## TASK BRIEF
Within the material below, transcribe exactly the lines from the one holding "Morocco, Marrakech, The" through the one holding "Túi Đeo Chéo Nữ Ulzzang Viền Nâu M4", keeping both ends and skipping the rest.

**** RECORDS SUPPLIED ****

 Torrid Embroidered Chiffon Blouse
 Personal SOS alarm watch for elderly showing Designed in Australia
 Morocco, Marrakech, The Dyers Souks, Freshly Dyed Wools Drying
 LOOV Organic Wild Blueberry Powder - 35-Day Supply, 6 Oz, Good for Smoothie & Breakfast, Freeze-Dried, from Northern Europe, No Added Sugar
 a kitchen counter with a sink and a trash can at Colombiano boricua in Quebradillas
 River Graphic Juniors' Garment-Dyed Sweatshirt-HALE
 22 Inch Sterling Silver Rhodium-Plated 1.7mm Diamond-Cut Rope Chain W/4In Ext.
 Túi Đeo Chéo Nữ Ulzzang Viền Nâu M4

****
**** RECORDS SUPPLIED ****

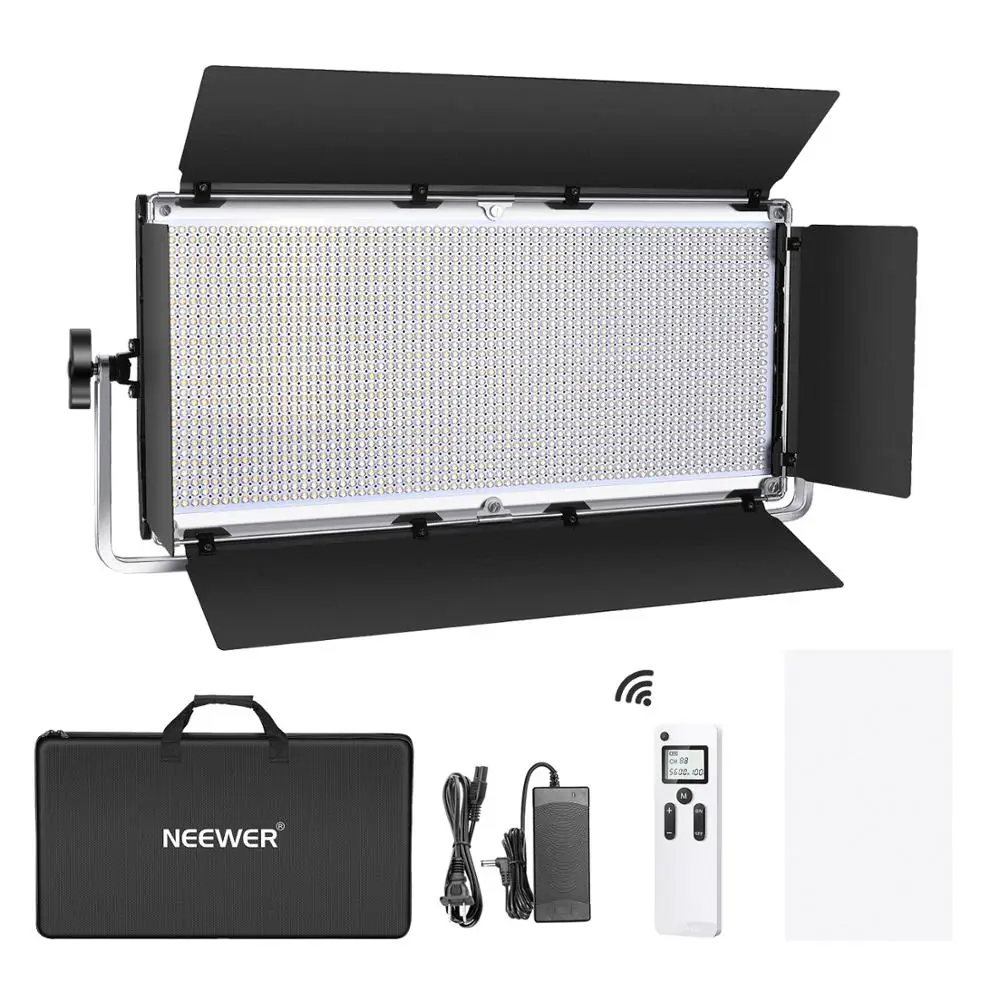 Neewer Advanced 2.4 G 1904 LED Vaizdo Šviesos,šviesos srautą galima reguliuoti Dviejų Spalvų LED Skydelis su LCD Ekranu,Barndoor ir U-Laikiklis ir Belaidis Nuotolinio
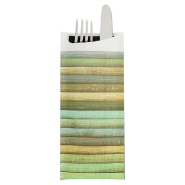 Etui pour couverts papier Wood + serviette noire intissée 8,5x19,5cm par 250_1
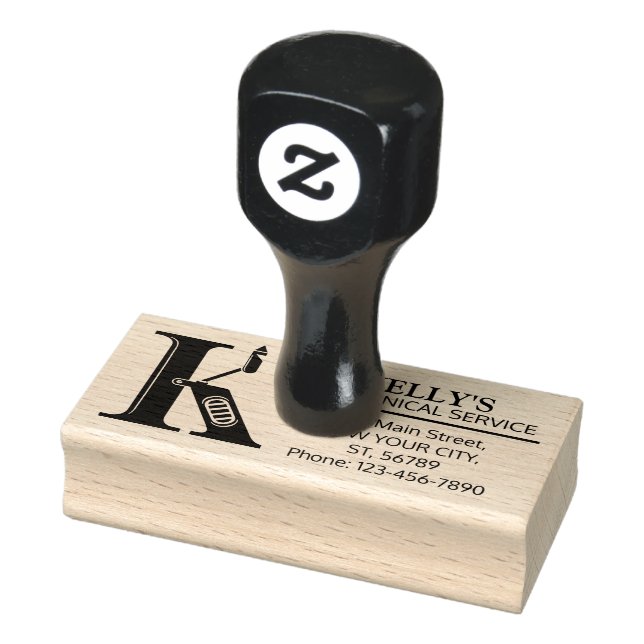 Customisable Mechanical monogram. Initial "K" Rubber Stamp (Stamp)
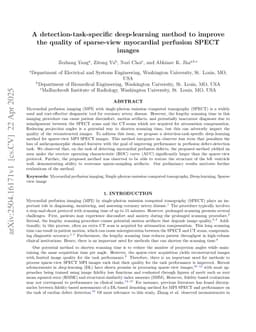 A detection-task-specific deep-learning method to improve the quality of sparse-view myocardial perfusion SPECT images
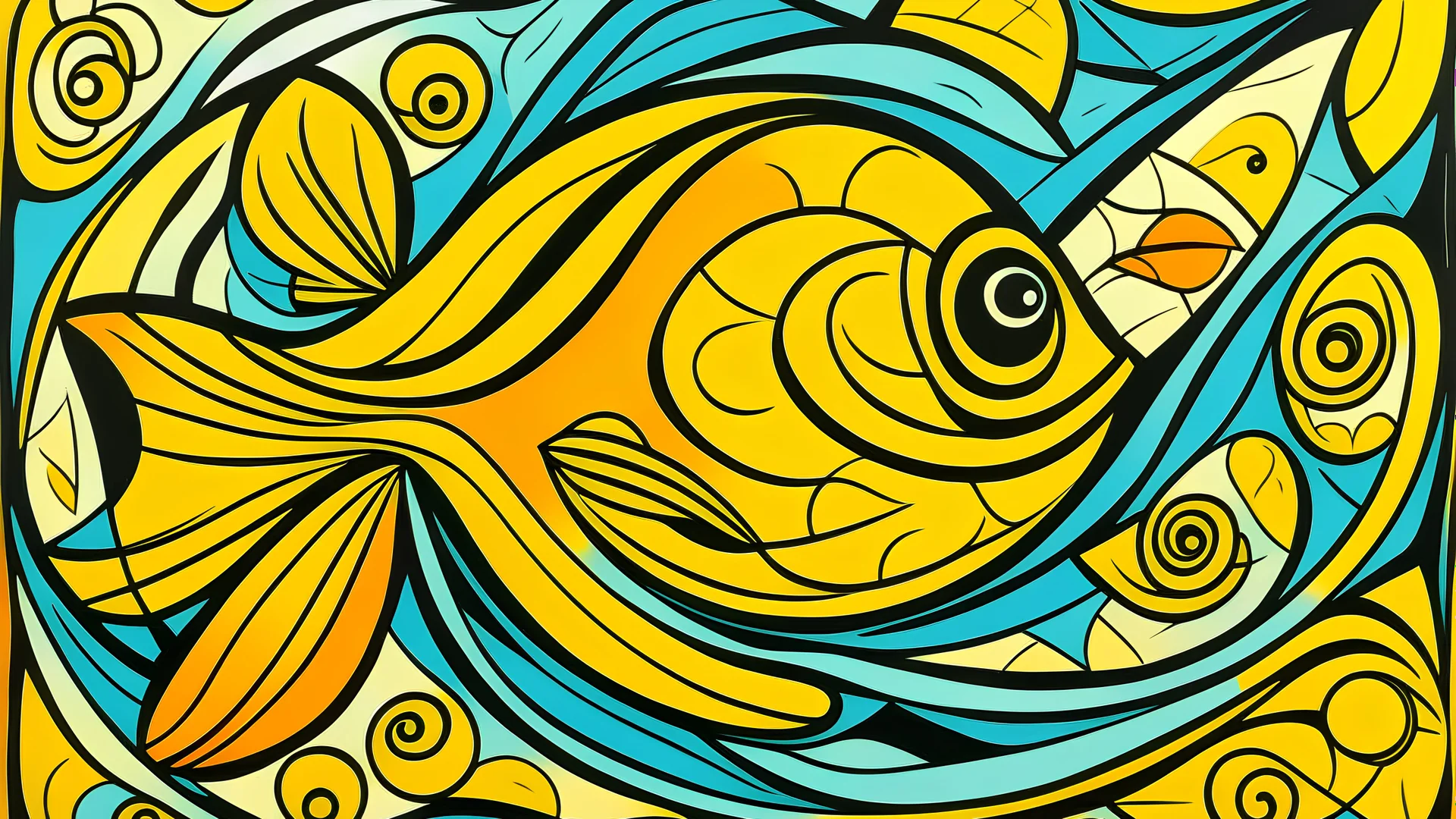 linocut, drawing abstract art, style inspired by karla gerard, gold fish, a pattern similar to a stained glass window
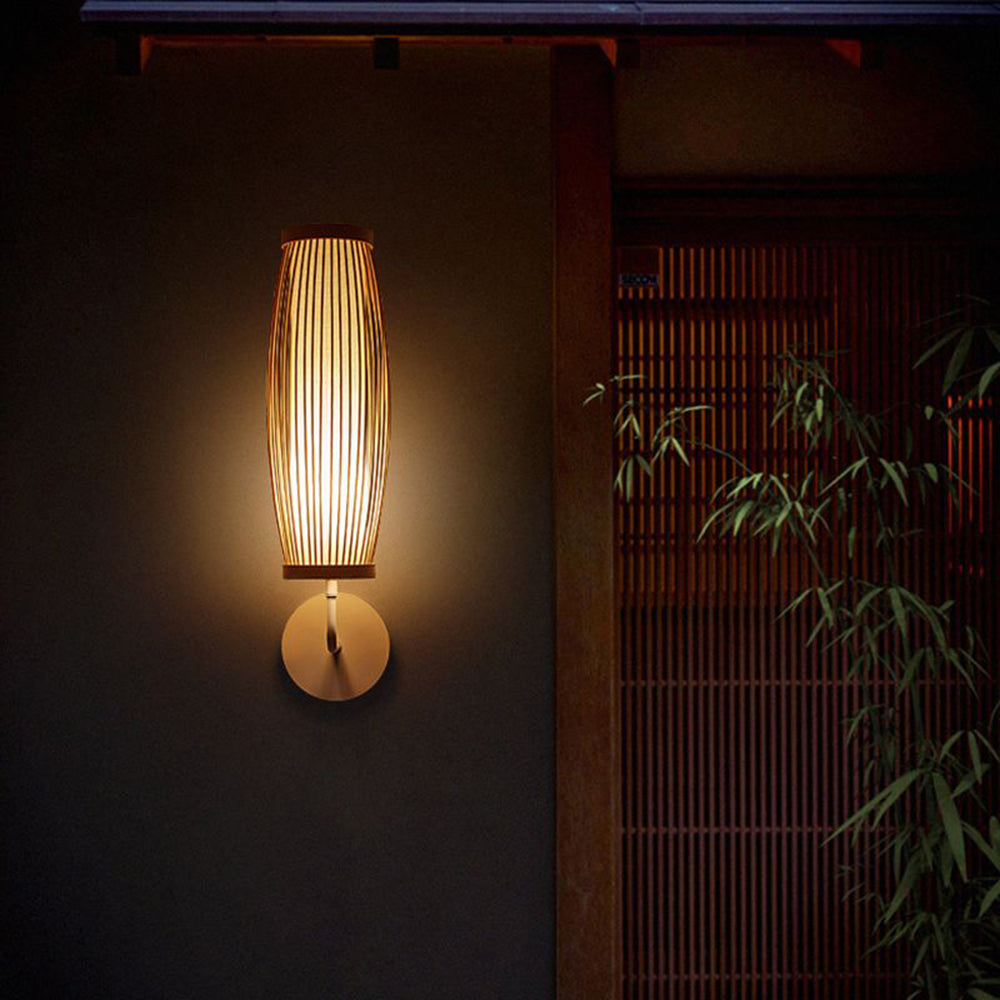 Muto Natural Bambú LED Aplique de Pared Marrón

****

## ANSWER SPACE
 Morocco, Marrakech, The Dyers Souks, Freshly Dyed Wools Drying
 LOOV Organic Wild Blueberry Powder - 35-Day Supply, 6 Oz, Good for Smoothie & Breakfast, Freeze-Dried, from Northern Europe, No Added Sugar
 a kitchen counter with a sink and a trash can at Colombiano boricua in Quebradillas
 River Graphic Juniors' Garment-Dyed Sweatshirt-HALE
 22 Inch Sterling Silver Rhodium-Plated 1.7mm Diamond-Cut Rope Chain W/4In Ext.
 Túi Đeo Chéo Nữ Ulzzang Viền Nâu M4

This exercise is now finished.